All that remains is getting dealerships to use it. That could be the hard part.

“We know lead-scoring is not fully adopted by a lot of dealerships,” says Michael Spadafore, manager-consumer and commercial marketing for auto-information provider R.L. Polk & Co.

He's hopeful that will change soon because of the enhanced benefits of lead-scoring, which “entered the world with a bang and now has matured and morphed into full-service lead marketing,” driven by data integration and real-time analytics.

The latest generation of lead-scoring software systematically ranks leads in order of importance and urgency, offers greater market intelligence and allows dealership staffers to follow up better and close more sales, Spadafore says.

“The difference between those that use lead marketing to its fullest and those that have not yet embraced it will be evident moving forward in this tough sales climate,” he says at the Automotive Customer Centricity Summit hosted here by Thought Leadership Summits.

Introduced about five years ago, the scoring system uses data garnered from various sources to rank the level of buying interest of consumers submitting Internet leads to dealerships.

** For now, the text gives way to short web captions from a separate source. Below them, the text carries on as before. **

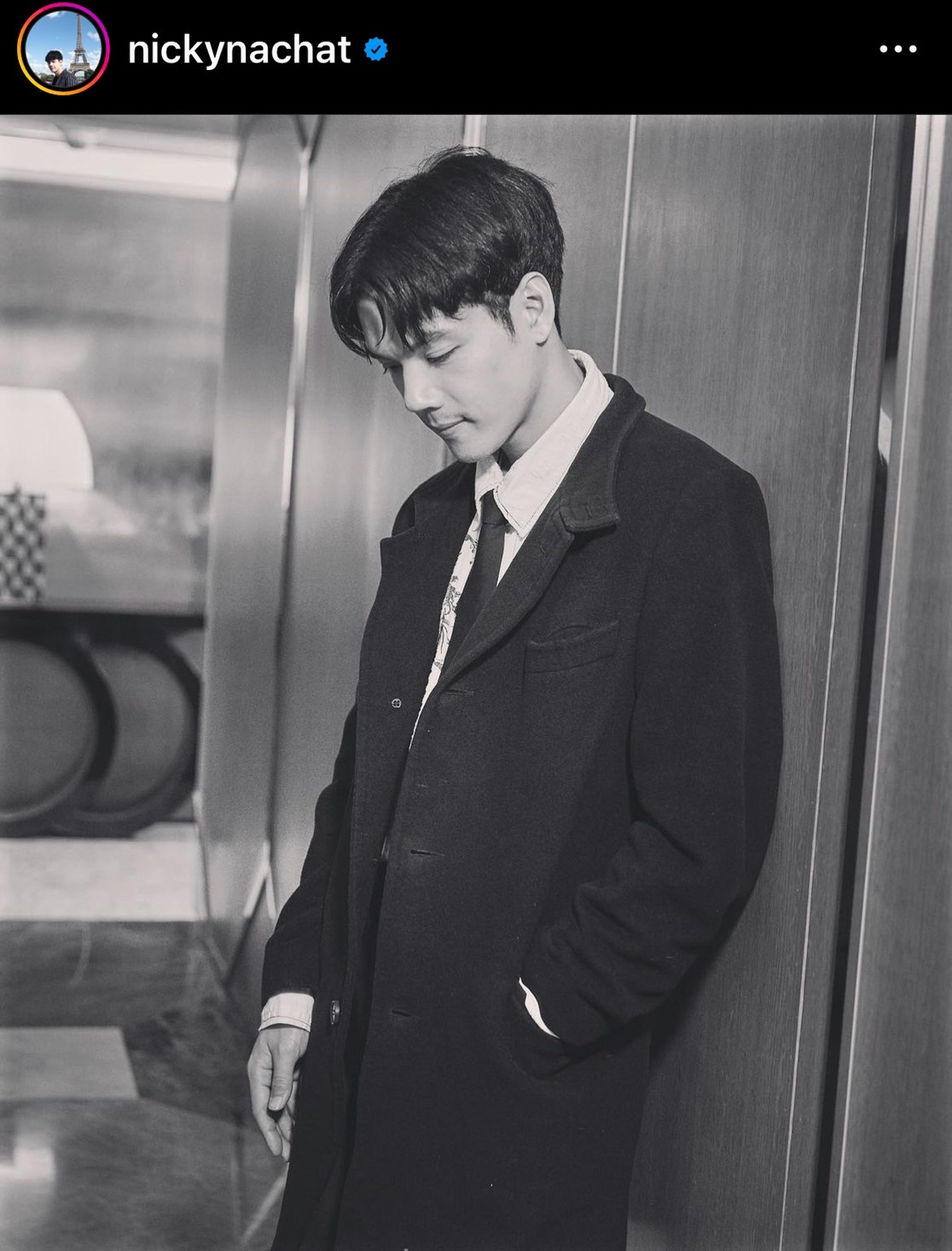 นิกกี้ ตอบ 10 คำถามร้อนแรงจากชาวเน็ต หลัง โฟร์ เป็นตัวแทนหมู่บ้าน 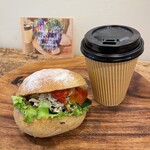 パン・オ・スリール - 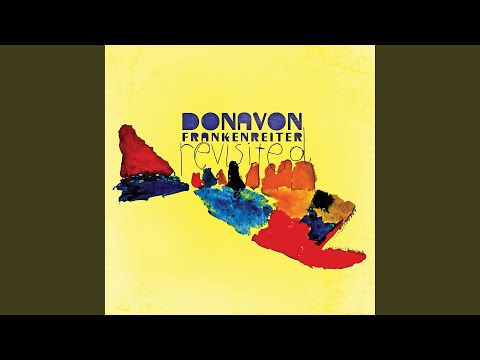 Donavon Frankenreiter - Heading Home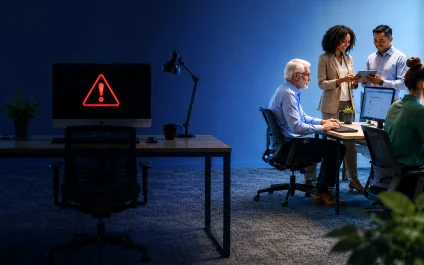 Midyear Reality Check: What’s Changed In Your Systems Since January?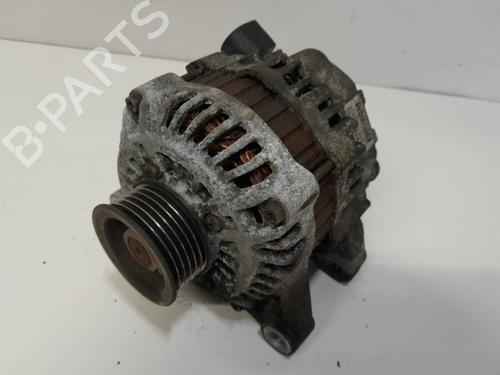 Used Alternator PEUGEOT 206 Hatchback (2A/C) 1.1 i (60 hp) 18851689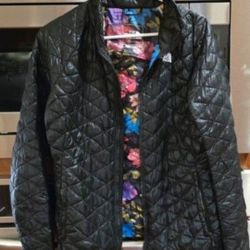 Womens Jacket North Face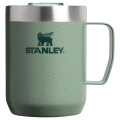 Stanley Everyday 236 ml kempinga krūze, Meža zaļa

Basic rankings include ready to buy, not yet ready to buy and close to a purchase but needing additional consultation.

The system is intended to aid dealers in deploying their forces by jumping on hot leads and cultivating — not ignoring — less pressing prospects.

When first introduced, lead-scoring gained support from early adopters, then lost favor with dealership sales people confounded by the system, but kept the interest of stalwarts who stuck with it.

That sequence follows a pattern cited by the Gartner Hype Cycle, a research tool that tracks the behavioral stages of people using new technology. It typically reaches a point where they ask, “How did we live without that?” Spadafore says.

The enhanced system helps get prioritized leads to the right sales staffers based on workloads, provides richer customer data, uses incentives such as gift cards to draw prospects to the dealership and divides lead submitters into segments.

Those segments, or “buckets,” include subprime consumers, previous buyers, undecided shoppers, prospects leaning towards used cars, those with high potential to buy immediately and “diamonds in the rough” who may eventually buy.

“The buckets are only important if there are different types of treatment with different messages and different levels of intensity,” Spadafore says.

He cites an axiom of marketing analytics: “The more you know about customers, the more you will be able to sell to them.”

Firms such as Polk and Urban Science first rolled out their versions of lead-scoring in response to dealers complaining about the quality of some of the third-party leads they were receiving, especially from referral companies that charged for them.

“There were a lot of bad leads,” Spadafore says. “It was all about quantity, not quality.”

Those flawed leads came from Internet users barely expressing an interest in buying a car. Frustrated by so many dead ends, many dealership sales people stopped taking online leads seriously.

It started a vicious cycle, with dealers beefing about bad prospects, and lead providers saying dealerships mishandled what was sent to them..

“Follow up was poor,” Spadafore says. “Back then, about half the leads never got responded to. If half the people who walked into a dealership were ignored, that would be a problem. It was realized something had to be done, and lead-scoring made a lot of sense.”

Information used to score Internet leads comes from assorted sources, such as auto makers' data on which prior Internet prospects became car buyers.

Other buying predictors include buying cycles, individuals coming off lease, auto-show attendees and the number of past visits to a dealership.

Another indicator of buying seriousness is how much someone writes in the “comments” field of a Web page's lead-submission spot. The longer the comments, the more likely a person is to buy.

“Bottom line: The analytics work,” says Spadafore, adding, “Some dealers are doing a great job with lead-scoring. Some aren't.”